• Image-caption web data:
------------------------------------

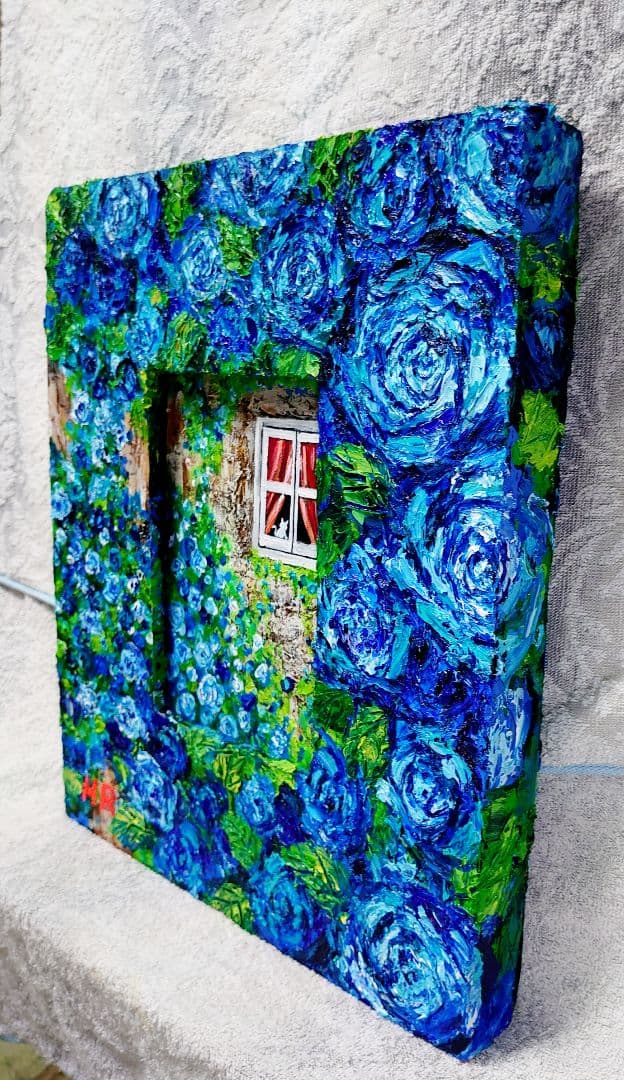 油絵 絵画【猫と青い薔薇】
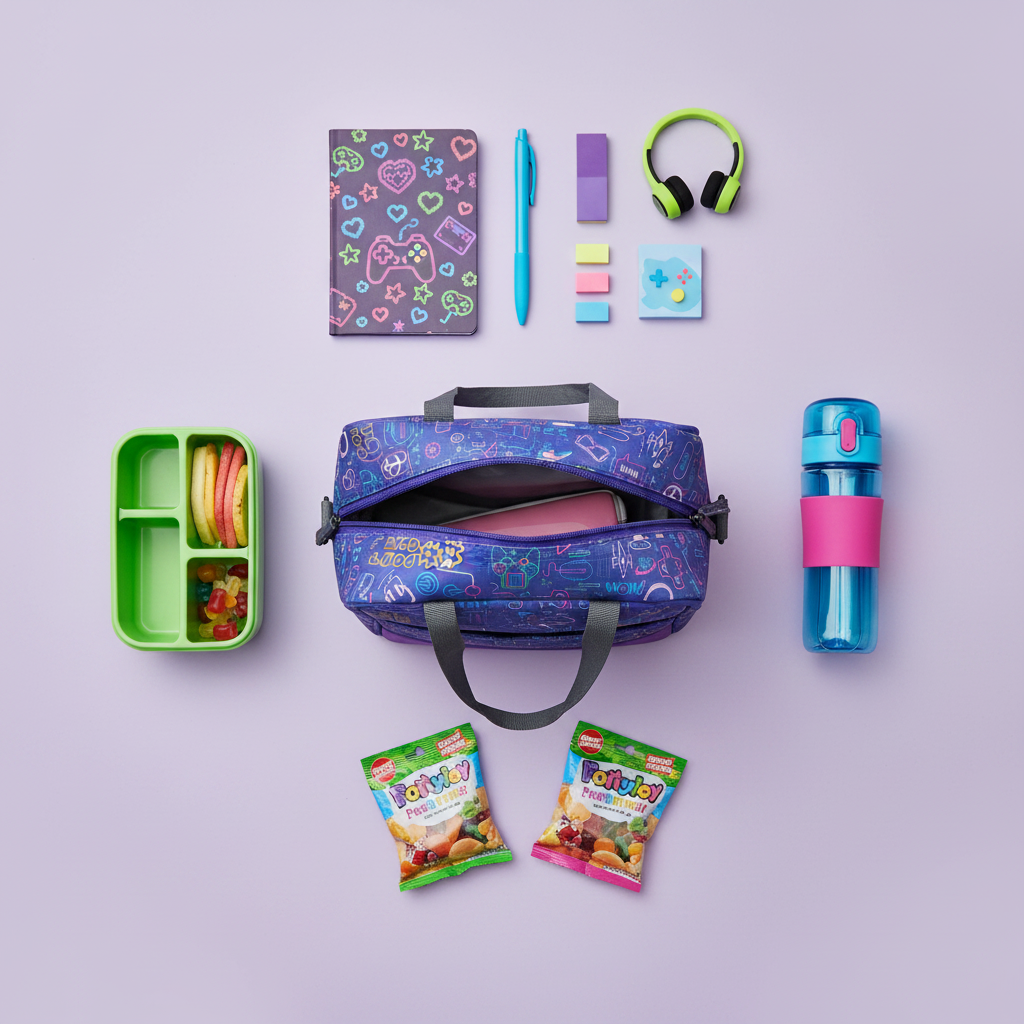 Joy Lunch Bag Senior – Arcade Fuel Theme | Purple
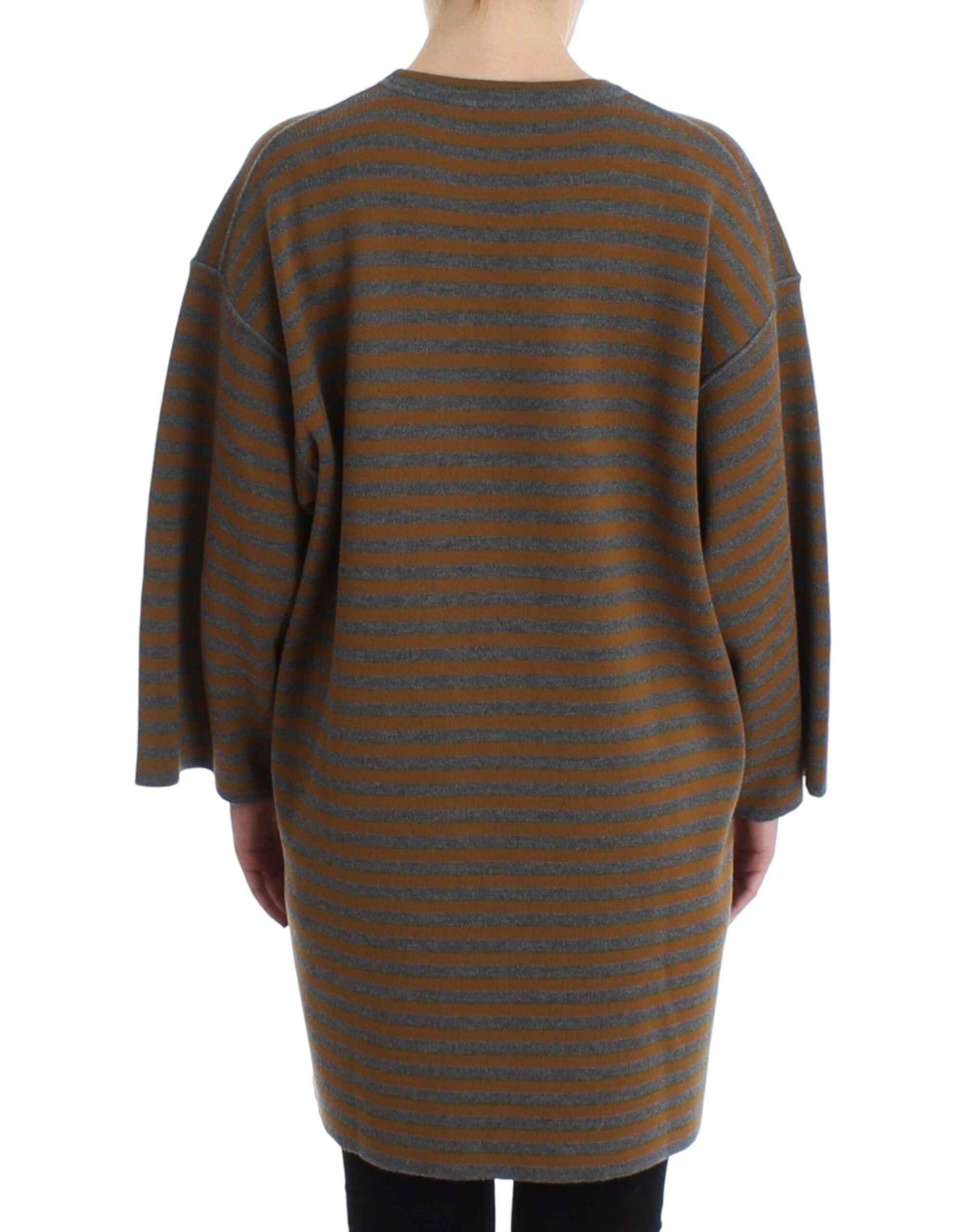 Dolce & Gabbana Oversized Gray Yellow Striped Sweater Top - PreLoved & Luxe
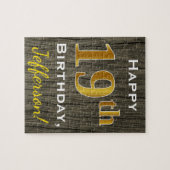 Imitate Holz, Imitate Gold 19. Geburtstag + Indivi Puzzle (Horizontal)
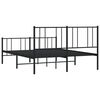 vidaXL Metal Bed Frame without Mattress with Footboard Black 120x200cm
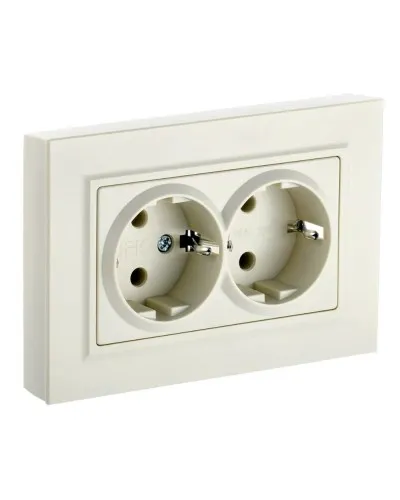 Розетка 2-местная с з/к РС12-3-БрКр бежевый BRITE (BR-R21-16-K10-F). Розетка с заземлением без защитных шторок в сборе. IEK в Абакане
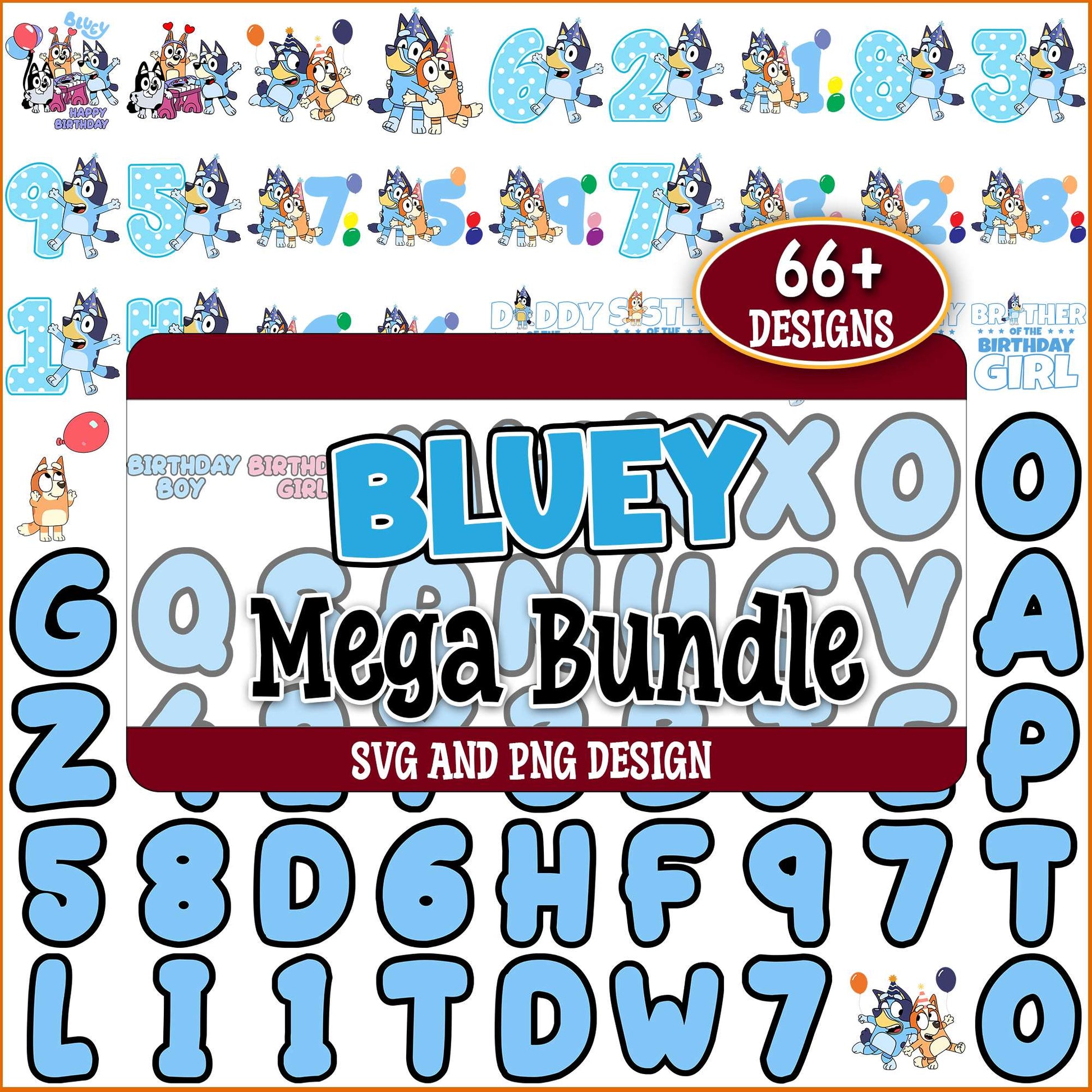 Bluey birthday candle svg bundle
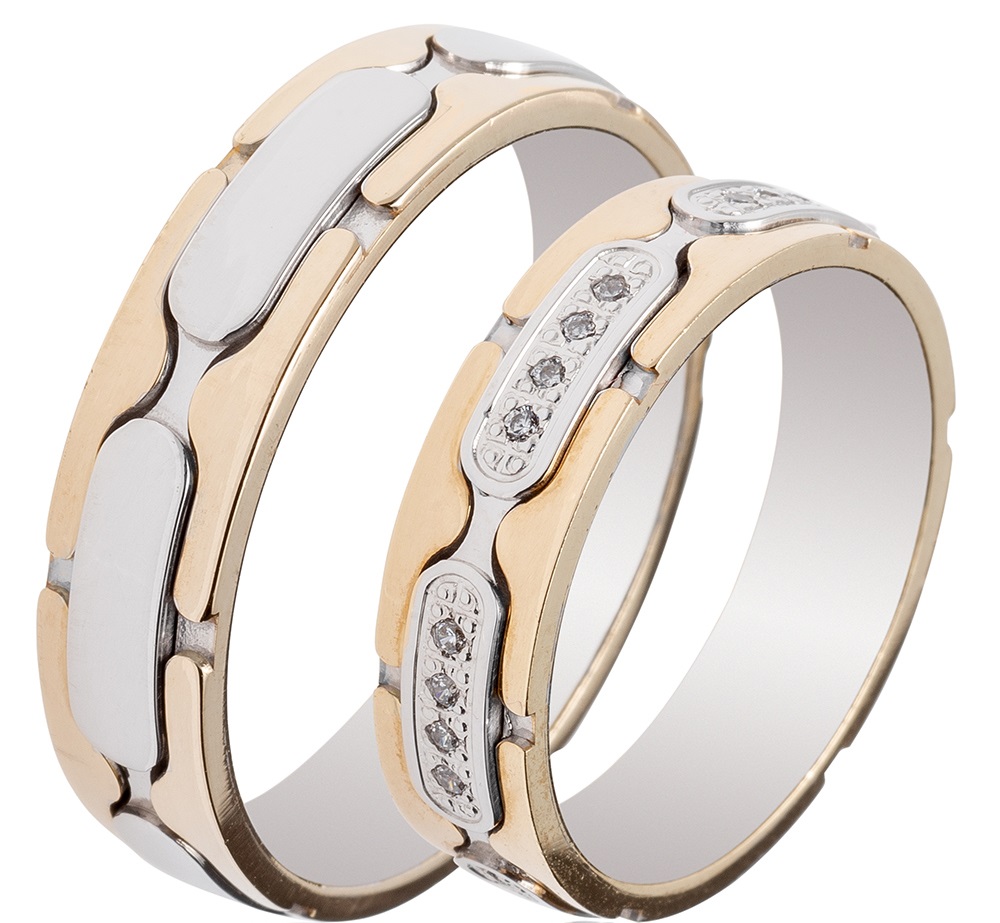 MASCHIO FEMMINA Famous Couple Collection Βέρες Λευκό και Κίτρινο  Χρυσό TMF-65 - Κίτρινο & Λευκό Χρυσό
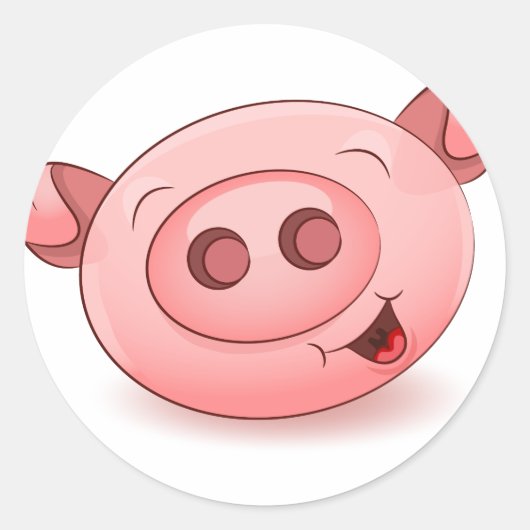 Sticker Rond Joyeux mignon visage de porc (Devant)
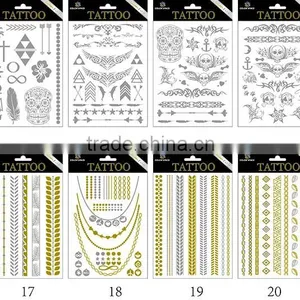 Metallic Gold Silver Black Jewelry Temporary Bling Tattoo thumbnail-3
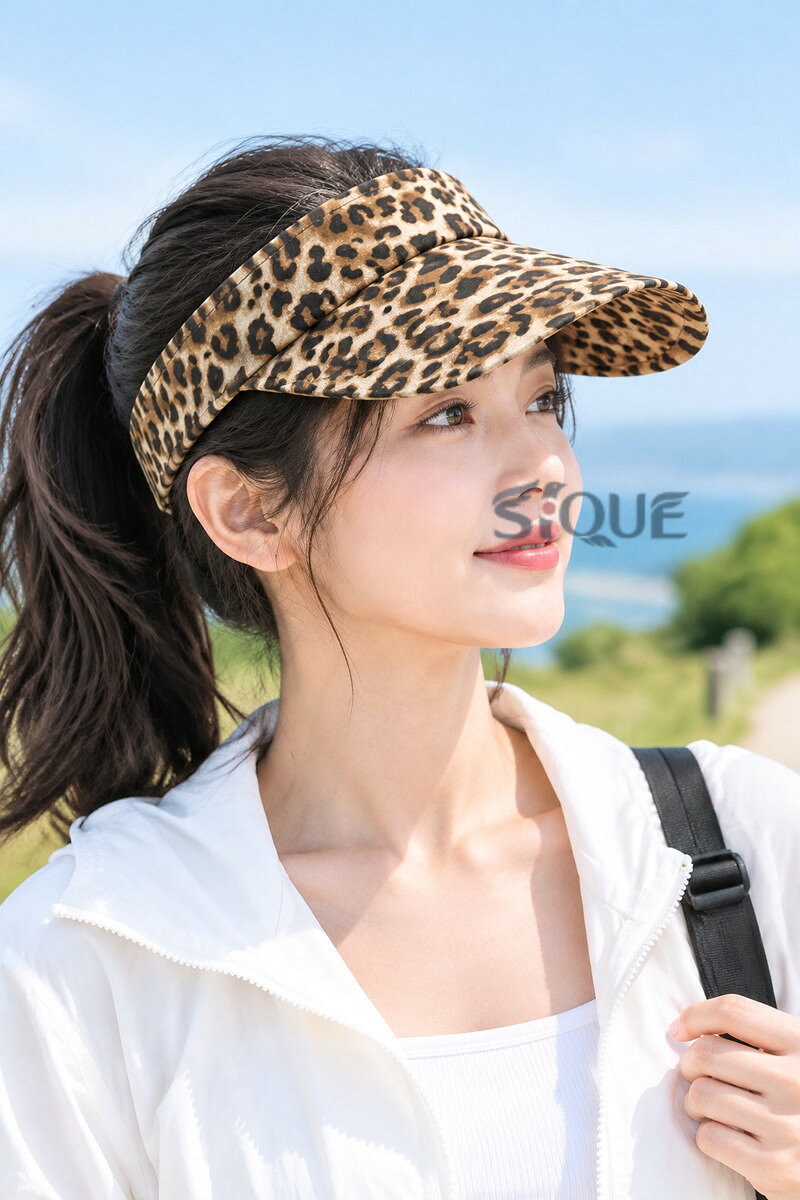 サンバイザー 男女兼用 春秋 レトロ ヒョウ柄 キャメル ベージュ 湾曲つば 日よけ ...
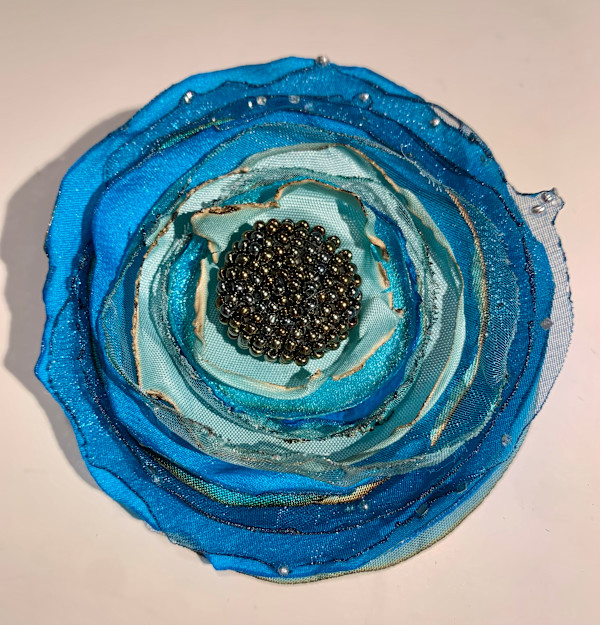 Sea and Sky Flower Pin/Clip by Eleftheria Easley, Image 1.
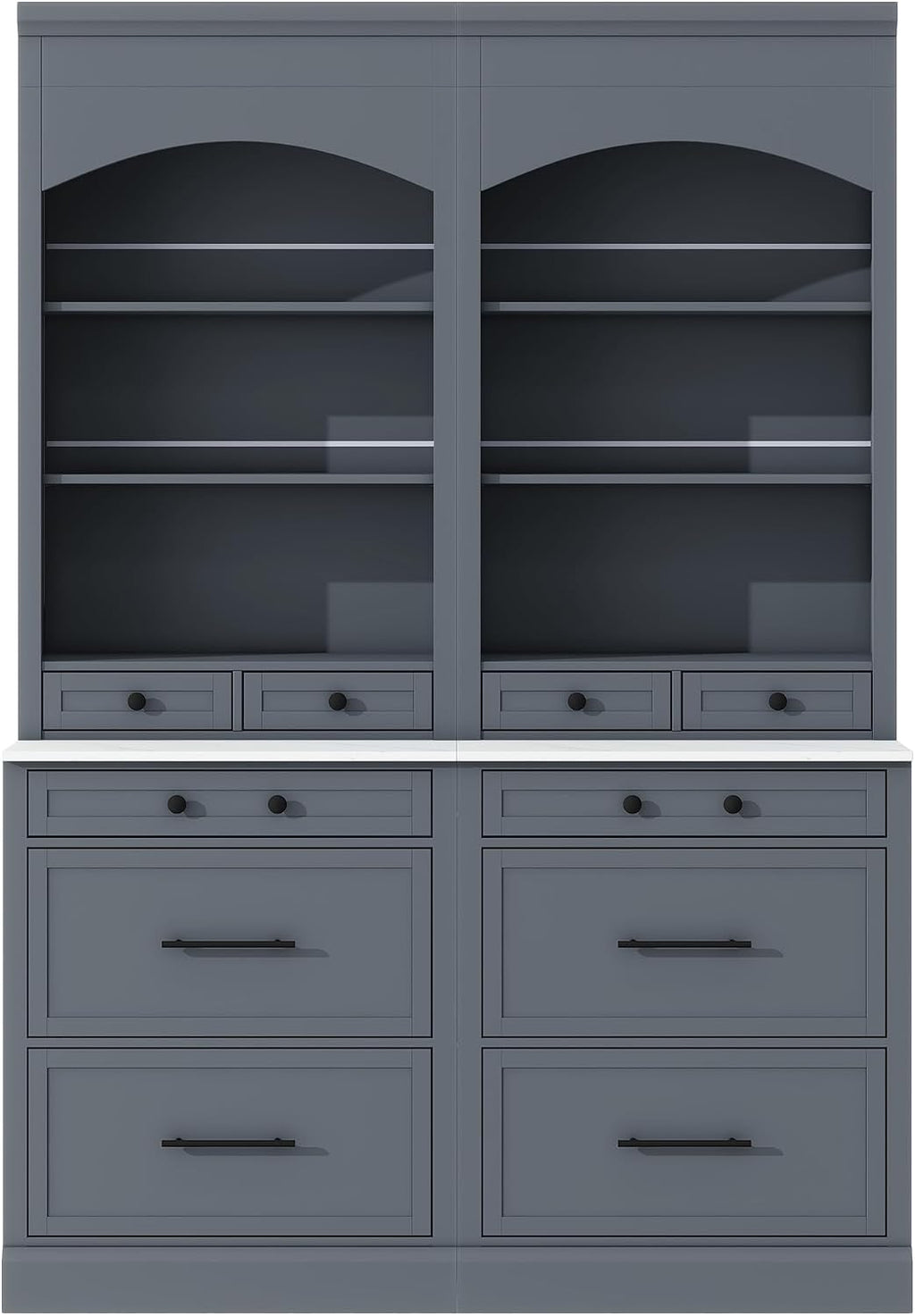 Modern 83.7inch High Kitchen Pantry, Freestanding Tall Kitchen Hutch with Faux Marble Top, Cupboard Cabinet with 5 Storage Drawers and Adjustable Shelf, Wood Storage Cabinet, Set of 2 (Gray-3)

------------------------------------

• Task objective:
Return each record above as it stands. Pictures stay out.

• Output below:
 油絵 絵画【猫と青い薔薇】
 Joy Lunch Bag Senior – Arcade Fuel Theme | Purple
 Dolce & Gabbana Oversized Gray Yellow Striped Sweater Top - PreLoved & Luxe
 Imitate Holz, Imitate Gold 19. Geburtstag + Indivi Puzzle (Horizontal)
 vidaXL Metal Bed Frame without Mattress with Footboard Black 120x200cm
 Розетка 2-местная с з/к РС12-3-БрКр бежевый BRITE (BR-R21-16-K10-F). Розетка с заземлением без защитных шторок в сборе. IEK в Абакане
 Bluey birthday candle svg bundle
 MASCHIO FEMMINA Famous Couple Collection Βέρες Λευκό και Κίτρινο  Χρυσό TMF-65 - Κίτρινο & Λευκό Χρυσό
 Sticker Rond Joyeux mignon visage de porc (Devant)
 Metallic Gold Silver Black Jewelry Temporary Bling Tattoo thumbnail-3
 サンバイザー 男女兼用 春秋 レトロ ヒョウ柄 キャメル ベージュ 湾曲つば 日よけ ...
 Sea and Sky Flower Pin/Clip by Eleftheria Easley, Image 1.
 Modern 83.7inch High Kitchen Pantry, Freestanding Tall Kitchen Hutch with Faux Marble Top, Cupboard Cabinet with 5 Storage Drawers and Adjustable Shelf, Wood Storage Cabinet, Set of 2 (Gray-3)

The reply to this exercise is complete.